Friday, September 10, 2010

Chicha de Rabanito

Things are getting exciting in Callanca. I’m already working. I’ve given four presentations before groups of Callancanos ranging from 20 to 100 people. My Spanish is improving daily due to the rigorous formal and informal workouts it’s been receiving. People are starting to recognize me on the street and call me by name. My name here is Carlos. Sometimes Carlitos or Carlucho. I’ve already been to a wedding, a funeral and a birthday party. Here in Perú much cerveza accompanies all such gatherings. The cerveza here comes in 28-oz. bottles so there’s no kidding around. The custom is to use one bottle of beer and one glass and form a drinking circle. This can be a small circle of three or four people or a larger circle—an entire roomful of people. But generally there are many bottles of beer and many small circles and the circles intertwine from time to time so that everyone interacts with everyone else. The rules of the drinking circle are fairly rigid though the rules vary a bit from region to region.
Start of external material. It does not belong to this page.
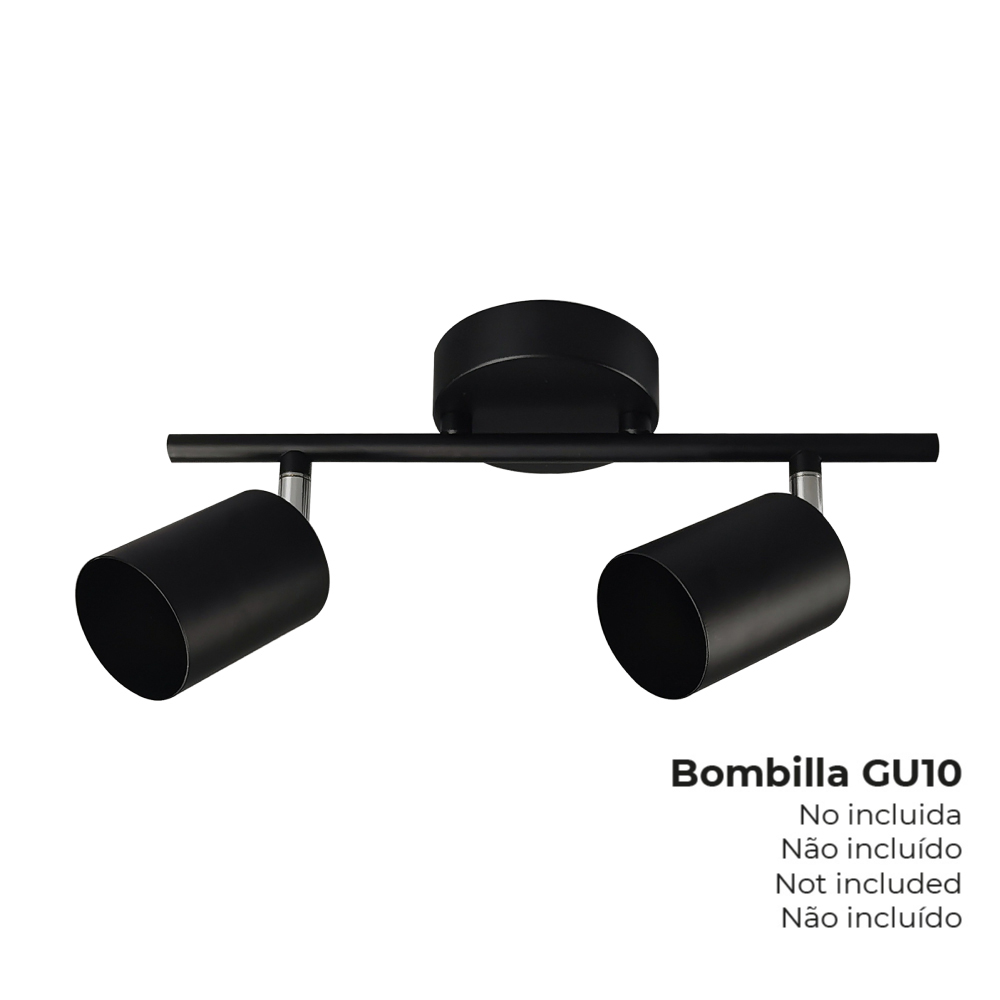 Armadura 2 elementos gu-10 preta edm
Here in Callanca, you accept the bottle and glass from the person to your right, fill the glass half-full, then pass the bottle to the person to your left. Then you drink. Then you dump the dregs and the foam onto the ground, the floor, or sometimes into a plate or onto a pile of napkins or into an abandoned glass, then you pass your empty glass to the person to whom you previously passed the bottle. You can also add a flourish to the act of passing the glass by rolling it between your palms to encourage the foam clinging to the inside of the glass to settle to the bottom before you dump it out. The drinking is serious stuff. I’ve seen groups of twenty people go through 8 cases (12 beers to a case) of 28-oz. bottles in a few hours. Don’t worry, I’m not participating in the entire marathon. Health-related excuses like diabetes work very well if you feel like retiring early from the festivities.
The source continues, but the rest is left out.